The column score totals for each race were even more revealing.

Lessons learned:
  • My boatspeed was consistently good, but my finishes were not consistent.
  • No mistakes meant 4 bullets (ignore race 11 in Chile because I had already won).
  • There is a correlation between the number of mistakes and how badly I finished.
  • Spending time on physical preparation is important for boatspeed. But mental preparation to reduce mistakes is also important - perhaps even more so.
Something to keep in mind when preparing for Hyères.

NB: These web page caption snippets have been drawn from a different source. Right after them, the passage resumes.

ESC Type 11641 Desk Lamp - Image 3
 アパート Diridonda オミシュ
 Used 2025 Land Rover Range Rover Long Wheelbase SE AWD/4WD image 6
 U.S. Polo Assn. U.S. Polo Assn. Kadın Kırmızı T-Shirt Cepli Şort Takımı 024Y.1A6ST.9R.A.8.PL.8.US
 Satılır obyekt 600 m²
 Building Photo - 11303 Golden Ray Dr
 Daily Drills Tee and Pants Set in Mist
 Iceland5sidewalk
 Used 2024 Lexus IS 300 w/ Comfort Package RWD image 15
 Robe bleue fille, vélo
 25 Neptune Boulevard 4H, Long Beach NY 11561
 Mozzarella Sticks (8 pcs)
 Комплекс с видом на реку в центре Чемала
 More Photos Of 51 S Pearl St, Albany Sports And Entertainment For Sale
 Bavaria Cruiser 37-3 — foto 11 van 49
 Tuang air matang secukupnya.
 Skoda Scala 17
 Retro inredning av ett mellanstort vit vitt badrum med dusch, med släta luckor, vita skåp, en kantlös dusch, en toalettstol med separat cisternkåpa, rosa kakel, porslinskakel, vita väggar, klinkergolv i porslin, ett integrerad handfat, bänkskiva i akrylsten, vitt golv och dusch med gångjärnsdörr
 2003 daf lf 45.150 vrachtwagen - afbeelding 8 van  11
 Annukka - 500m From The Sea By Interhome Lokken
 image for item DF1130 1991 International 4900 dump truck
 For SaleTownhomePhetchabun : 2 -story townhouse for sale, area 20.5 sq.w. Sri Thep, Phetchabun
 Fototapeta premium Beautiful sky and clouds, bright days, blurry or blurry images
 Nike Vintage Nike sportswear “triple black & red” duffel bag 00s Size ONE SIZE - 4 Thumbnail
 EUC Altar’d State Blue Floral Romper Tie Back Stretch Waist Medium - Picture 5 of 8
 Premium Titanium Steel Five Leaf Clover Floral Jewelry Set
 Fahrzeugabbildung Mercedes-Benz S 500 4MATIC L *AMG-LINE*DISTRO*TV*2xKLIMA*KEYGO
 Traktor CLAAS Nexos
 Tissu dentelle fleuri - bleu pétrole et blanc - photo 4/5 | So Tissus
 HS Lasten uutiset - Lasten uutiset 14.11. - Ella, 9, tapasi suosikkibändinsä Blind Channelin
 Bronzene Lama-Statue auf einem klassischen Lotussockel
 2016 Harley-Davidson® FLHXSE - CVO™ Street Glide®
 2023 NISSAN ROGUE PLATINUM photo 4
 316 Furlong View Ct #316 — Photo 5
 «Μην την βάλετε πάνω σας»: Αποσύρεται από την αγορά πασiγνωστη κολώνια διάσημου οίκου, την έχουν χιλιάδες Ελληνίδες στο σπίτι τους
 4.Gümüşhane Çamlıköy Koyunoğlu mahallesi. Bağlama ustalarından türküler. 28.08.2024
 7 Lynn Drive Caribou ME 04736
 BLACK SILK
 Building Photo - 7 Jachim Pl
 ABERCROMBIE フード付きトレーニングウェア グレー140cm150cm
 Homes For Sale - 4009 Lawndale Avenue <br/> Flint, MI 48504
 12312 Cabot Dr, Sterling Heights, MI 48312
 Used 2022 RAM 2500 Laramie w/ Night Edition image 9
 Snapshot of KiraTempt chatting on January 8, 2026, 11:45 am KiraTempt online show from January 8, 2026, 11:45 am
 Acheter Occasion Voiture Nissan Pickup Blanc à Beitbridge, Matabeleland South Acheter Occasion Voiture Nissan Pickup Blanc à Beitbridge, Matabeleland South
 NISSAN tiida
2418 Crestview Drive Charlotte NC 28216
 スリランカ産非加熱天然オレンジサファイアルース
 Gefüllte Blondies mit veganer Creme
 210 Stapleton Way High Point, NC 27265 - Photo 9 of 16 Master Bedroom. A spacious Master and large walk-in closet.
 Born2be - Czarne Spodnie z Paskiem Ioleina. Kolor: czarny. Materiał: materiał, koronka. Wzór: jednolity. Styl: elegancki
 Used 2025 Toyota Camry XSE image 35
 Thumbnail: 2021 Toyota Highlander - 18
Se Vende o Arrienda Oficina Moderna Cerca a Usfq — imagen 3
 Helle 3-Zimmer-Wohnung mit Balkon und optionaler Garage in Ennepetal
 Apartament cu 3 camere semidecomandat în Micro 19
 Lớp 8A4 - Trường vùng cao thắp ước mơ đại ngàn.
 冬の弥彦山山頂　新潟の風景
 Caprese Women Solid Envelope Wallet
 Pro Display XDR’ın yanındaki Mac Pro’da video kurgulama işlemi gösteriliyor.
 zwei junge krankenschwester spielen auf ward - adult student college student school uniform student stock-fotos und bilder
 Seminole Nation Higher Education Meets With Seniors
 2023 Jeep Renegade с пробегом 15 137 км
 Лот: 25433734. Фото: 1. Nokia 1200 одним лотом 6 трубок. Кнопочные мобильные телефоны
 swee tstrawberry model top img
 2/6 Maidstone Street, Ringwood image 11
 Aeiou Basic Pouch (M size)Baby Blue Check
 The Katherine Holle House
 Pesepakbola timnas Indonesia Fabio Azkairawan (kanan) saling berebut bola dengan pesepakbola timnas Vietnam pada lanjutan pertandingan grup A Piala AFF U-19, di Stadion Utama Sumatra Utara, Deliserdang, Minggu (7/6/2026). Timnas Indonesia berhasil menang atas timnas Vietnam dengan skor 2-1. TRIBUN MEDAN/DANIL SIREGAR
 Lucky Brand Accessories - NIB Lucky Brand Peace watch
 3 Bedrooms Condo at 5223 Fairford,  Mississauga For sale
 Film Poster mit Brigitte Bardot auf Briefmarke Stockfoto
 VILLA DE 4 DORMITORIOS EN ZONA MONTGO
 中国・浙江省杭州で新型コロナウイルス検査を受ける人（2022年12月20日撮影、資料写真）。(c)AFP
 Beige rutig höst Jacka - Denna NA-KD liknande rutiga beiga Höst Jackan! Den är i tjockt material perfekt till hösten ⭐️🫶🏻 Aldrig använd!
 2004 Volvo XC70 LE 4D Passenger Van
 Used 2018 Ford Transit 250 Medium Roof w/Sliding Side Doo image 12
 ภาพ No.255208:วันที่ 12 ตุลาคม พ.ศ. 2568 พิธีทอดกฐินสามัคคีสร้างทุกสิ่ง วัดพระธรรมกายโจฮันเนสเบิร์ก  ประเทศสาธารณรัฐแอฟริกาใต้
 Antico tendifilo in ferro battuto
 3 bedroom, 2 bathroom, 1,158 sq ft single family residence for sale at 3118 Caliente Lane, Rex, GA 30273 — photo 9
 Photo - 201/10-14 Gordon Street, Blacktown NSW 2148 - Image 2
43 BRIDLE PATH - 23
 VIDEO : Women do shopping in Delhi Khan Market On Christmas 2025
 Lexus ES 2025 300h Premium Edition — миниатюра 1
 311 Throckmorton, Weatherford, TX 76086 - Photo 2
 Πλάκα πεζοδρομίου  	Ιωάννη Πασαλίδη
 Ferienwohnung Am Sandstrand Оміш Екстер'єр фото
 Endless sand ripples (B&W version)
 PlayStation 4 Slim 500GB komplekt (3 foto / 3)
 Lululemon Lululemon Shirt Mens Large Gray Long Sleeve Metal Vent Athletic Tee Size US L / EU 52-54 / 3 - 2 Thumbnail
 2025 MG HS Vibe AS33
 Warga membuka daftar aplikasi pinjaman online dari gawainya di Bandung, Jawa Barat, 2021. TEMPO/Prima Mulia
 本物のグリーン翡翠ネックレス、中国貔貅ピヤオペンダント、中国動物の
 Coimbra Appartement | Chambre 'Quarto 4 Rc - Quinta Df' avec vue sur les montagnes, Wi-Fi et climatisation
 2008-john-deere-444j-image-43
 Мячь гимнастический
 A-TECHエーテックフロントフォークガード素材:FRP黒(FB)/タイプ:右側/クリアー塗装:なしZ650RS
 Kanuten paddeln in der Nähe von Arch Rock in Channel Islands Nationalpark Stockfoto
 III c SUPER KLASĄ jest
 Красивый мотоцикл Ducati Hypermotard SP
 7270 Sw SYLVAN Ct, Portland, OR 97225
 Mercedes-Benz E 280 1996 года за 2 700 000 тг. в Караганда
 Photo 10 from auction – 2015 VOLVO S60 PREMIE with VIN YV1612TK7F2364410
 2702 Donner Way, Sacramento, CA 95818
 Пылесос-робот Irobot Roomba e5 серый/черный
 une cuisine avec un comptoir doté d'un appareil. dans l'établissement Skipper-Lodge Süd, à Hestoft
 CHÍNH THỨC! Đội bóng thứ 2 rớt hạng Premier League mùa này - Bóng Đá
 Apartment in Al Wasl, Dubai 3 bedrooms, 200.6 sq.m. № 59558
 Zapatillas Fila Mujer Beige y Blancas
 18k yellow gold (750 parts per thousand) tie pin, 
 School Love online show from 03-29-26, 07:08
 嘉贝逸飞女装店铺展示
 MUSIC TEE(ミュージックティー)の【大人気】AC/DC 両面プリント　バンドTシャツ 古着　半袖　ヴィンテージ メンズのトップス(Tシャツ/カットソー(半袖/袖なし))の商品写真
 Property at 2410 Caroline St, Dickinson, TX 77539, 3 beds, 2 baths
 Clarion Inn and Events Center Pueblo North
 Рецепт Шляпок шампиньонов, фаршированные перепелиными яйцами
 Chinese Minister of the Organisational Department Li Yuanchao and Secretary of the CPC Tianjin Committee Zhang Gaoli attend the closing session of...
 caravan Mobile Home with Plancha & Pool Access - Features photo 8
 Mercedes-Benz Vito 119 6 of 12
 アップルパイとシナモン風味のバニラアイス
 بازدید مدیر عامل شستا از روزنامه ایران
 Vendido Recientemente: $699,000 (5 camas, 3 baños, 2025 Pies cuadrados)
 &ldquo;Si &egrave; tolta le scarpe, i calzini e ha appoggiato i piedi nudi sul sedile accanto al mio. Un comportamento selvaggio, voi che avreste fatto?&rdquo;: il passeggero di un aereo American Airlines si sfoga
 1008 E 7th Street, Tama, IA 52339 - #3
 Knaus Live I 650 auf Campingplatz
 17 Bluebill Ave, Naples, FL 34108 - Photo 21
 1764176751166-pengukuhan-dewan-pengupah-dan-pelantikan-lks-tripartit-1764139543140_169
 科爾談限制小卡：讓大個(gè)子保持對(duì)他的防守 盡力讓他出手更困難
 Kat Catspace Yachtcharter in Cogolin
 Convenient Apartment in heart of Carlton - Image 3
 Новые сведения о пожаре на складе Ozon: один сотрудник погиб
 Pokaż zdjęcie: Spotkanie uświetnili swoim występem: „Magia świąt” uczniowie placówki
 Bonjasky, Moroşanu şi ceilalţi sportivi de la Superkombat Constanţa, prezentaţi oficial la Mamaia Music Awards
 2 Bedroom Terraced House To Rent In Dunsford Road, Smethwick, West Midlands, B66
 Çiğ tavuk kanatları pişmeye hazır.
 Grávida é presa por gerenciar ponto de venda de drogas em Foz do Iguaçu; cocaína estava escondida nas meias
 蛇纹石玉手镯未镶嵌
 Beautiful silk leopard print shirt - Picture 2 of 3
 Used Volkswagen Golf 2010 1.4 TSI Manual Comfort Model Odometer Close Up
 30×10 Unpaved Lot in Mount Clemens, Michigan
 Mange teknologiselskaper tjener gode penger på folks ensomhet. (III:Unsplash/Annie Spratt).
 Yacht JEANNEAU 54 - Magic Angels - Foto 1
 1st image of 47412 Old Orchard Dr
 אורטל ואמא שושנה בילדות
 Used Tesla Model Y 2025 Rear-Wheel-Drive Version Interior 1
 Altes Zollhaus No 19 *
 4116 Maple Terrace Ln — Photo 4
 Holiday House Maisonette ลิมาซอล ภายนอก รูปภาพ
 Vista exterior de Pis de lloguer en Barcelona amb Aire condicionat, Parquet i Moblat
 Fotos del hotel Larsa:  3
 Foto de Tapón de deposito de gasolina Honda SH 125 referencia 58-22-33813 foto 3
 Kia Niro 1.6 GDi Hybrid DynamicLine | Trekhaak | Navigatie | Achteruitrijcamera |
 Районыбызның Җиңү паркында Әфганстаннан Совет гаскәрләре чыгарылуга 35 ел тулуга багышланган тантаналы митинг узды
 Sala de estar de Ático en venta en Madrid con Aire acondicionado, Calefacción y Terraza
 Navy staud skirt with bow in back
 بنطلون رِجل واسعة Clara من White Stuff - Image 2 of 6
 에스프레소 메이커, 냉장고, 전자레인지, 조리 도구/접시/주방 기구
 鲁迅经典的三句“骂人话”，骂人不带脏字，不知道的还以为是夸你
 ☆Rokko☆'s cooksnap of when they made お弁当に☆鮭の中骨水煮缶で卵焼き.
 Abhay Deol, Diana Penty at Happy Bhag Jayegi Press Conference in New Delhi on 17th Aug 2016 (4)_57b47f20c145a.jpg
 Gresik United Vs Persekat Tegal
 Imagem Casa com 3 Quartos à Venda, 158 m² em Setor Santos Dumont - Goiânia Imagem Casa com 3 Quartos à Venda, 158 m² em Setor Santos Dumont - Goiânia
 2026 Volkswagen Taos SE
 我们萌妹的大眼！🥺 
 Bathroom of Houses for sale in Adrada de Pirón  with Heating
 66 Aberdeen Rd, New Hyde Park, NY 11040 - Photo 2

  1. So true. And the problem with sailing is that there are so many mistakes you can make!

  2. When I first saw this checklist, I had to admit that alot of what Doug calls a mistake, never even crossed my mind as something I should do/not do.

    It's the oddest thing how he can multi-task so well on the water but once his feet hit land, he's a space cadet. I've often told him I need to carry a spray bottle full of water with me so that I can spray him in the face on land and jump start his brain.

    It really is quite a pleasure to watch the transformation from land to water. Sailing comes more naturally to him than walking and talking.

  3. Replies
    1. Thanks! And with the large fleets we'll have in Hyères, even small mistakes will be very costly.